EXERCISE DIRECTIONS:
Return the lines of the data below, from the one containing "Complete Clinical Review" through the very last, exactly and with both ends included; no pictures.

RECORDS FOR PROCESSING:
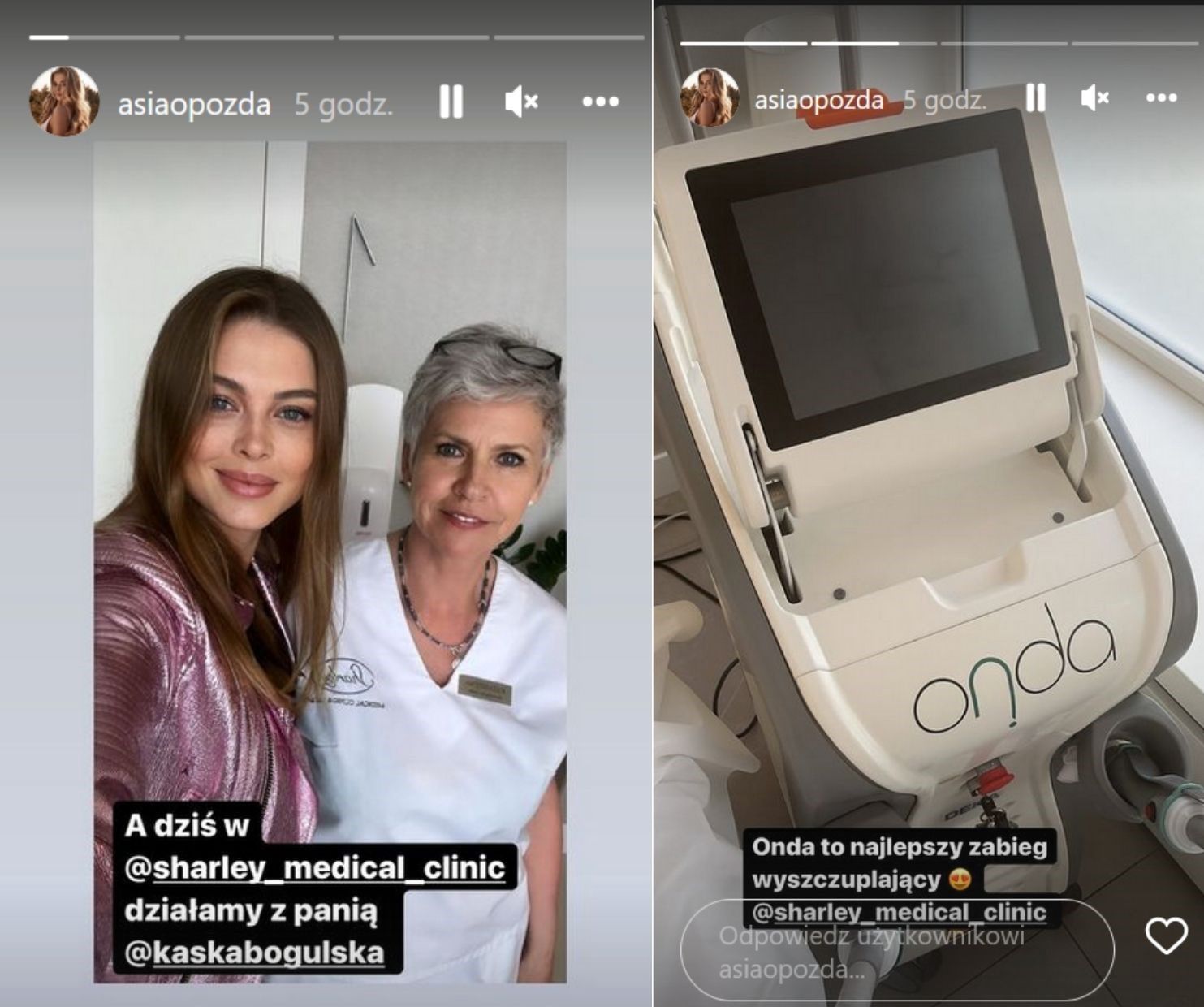 Zabieg odchudzający Joanny Opozdy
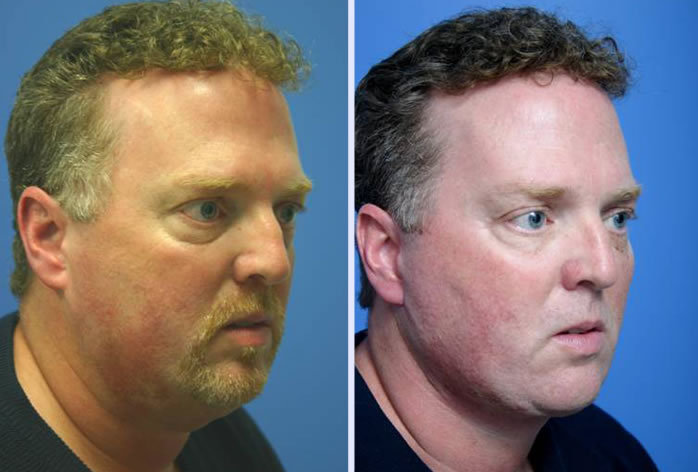 Before and After Image: 3-d volumetric facelift – case 7 - front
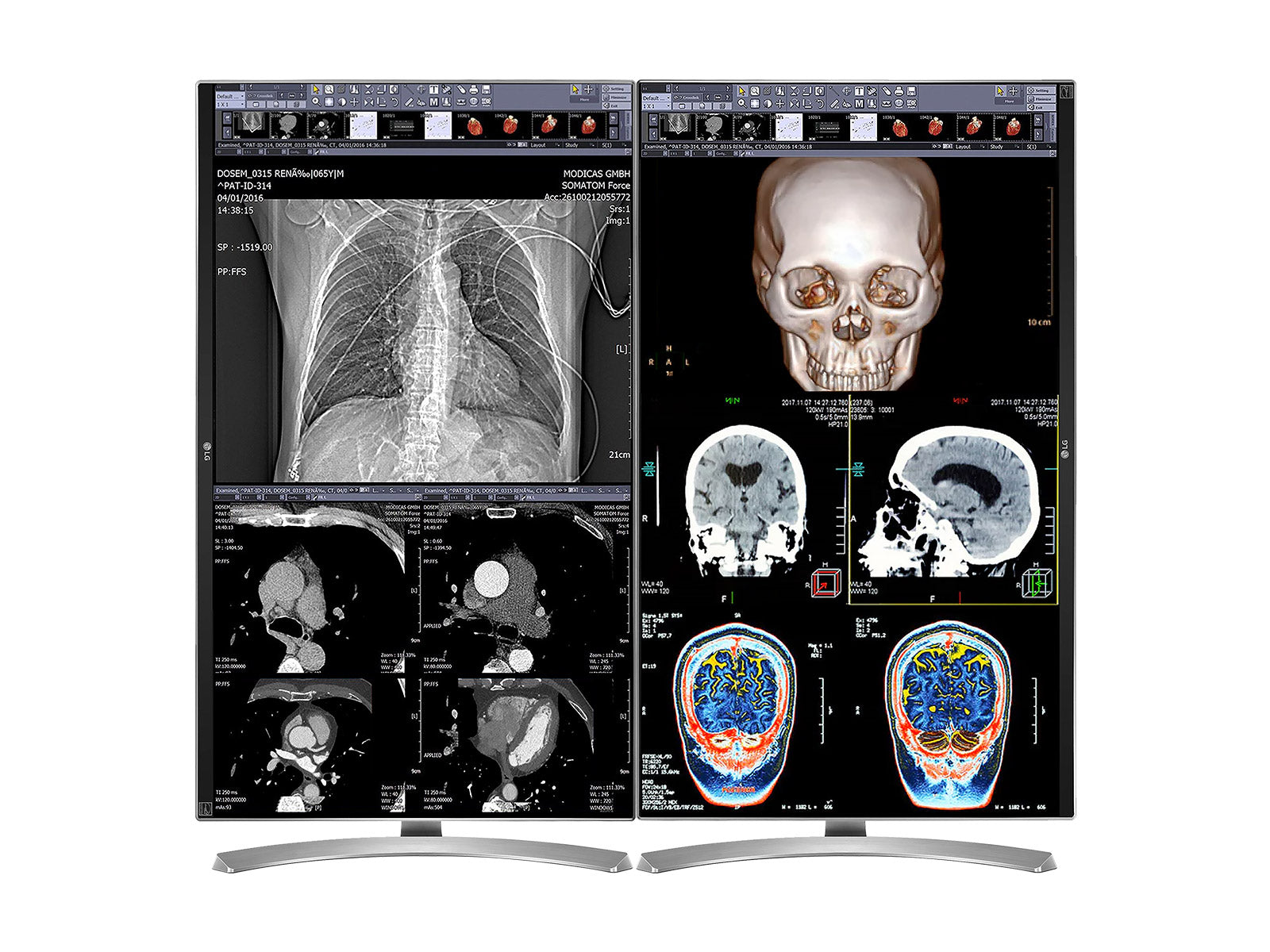 Complete Clinical Review Reading Station | 2 x LG 27" 8MP Color Clinical Review Displays | HP ZBook Studio 16 G9 | Dictation Mic | PerfectLUM Calibration Package (LGHP16G9)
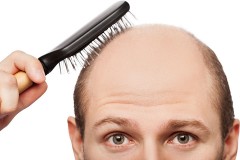 a balding man brushing his hair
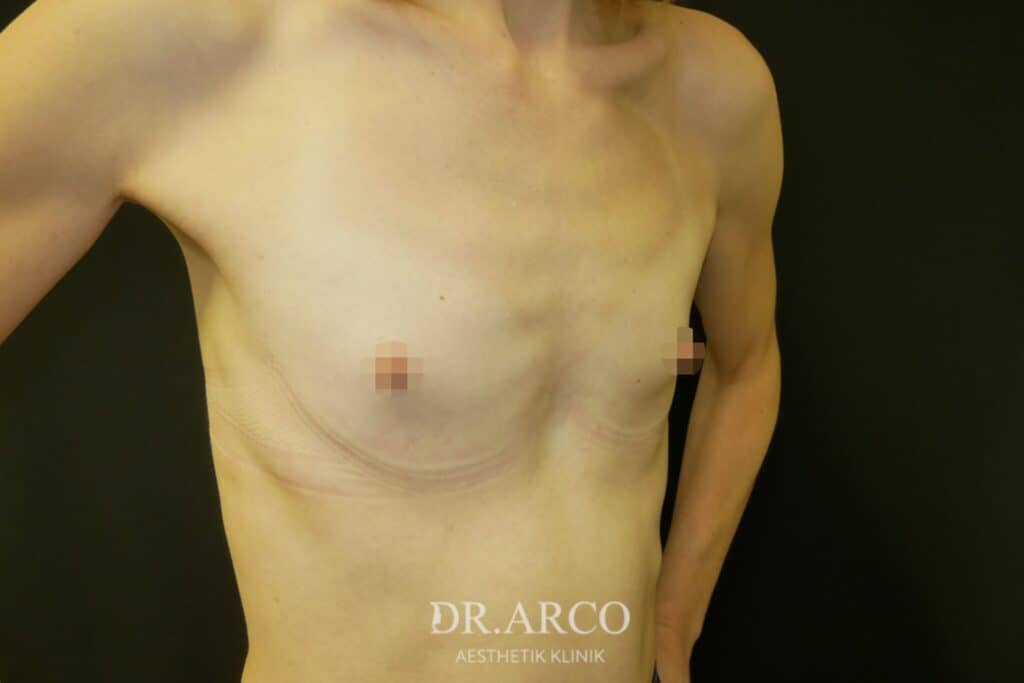 Brustvergrößerung-Vorher 2 - Dr. Arco
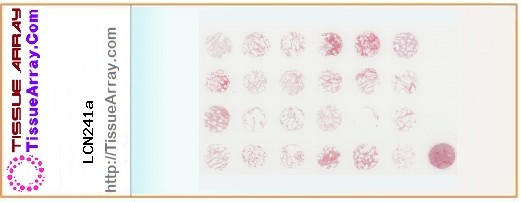TissueArray.Com Tissue Array LCN241a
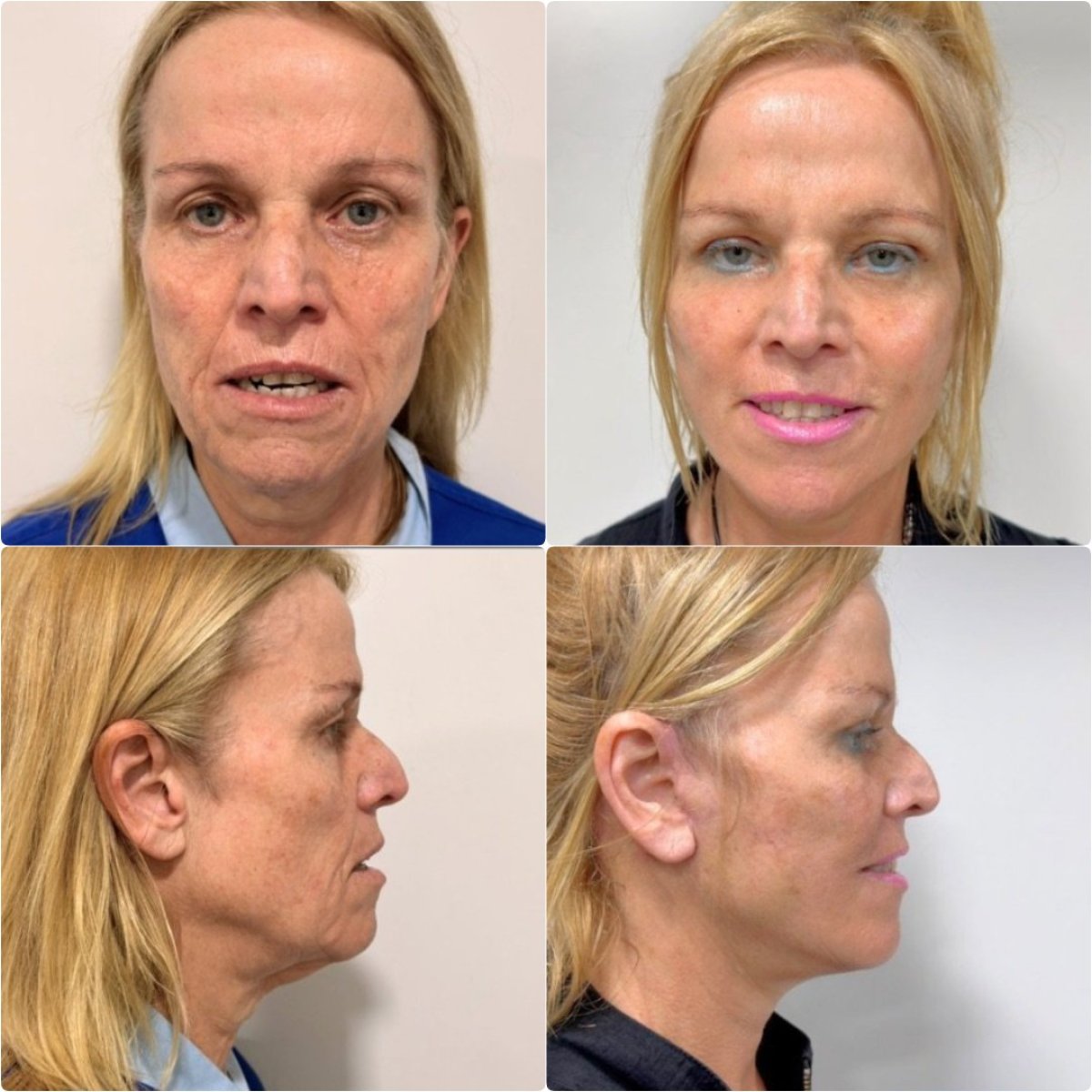 Resultados de lifting facial antes y después en ID Clinic Bangkok, rejuvenecimiento visible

EXERCISE SOLUTION:
 Complete Clinical Review Reading Station | 2 x LG 27" 8MP Color Clinical Review Displays | HP ZBook Studio 16 G9 | Dictation Mic | PerfectLUM Calibration Package (LGHP16G9)
 a balding man brushing his hair
 Brustvergrößerung-Vorher 2 - Dr. Arco
TissueArray.Com Tissue Array LCN241a
 Resultados de lifting facial antes y después en ID Clinic Bangkok, rejuvenecimiento visible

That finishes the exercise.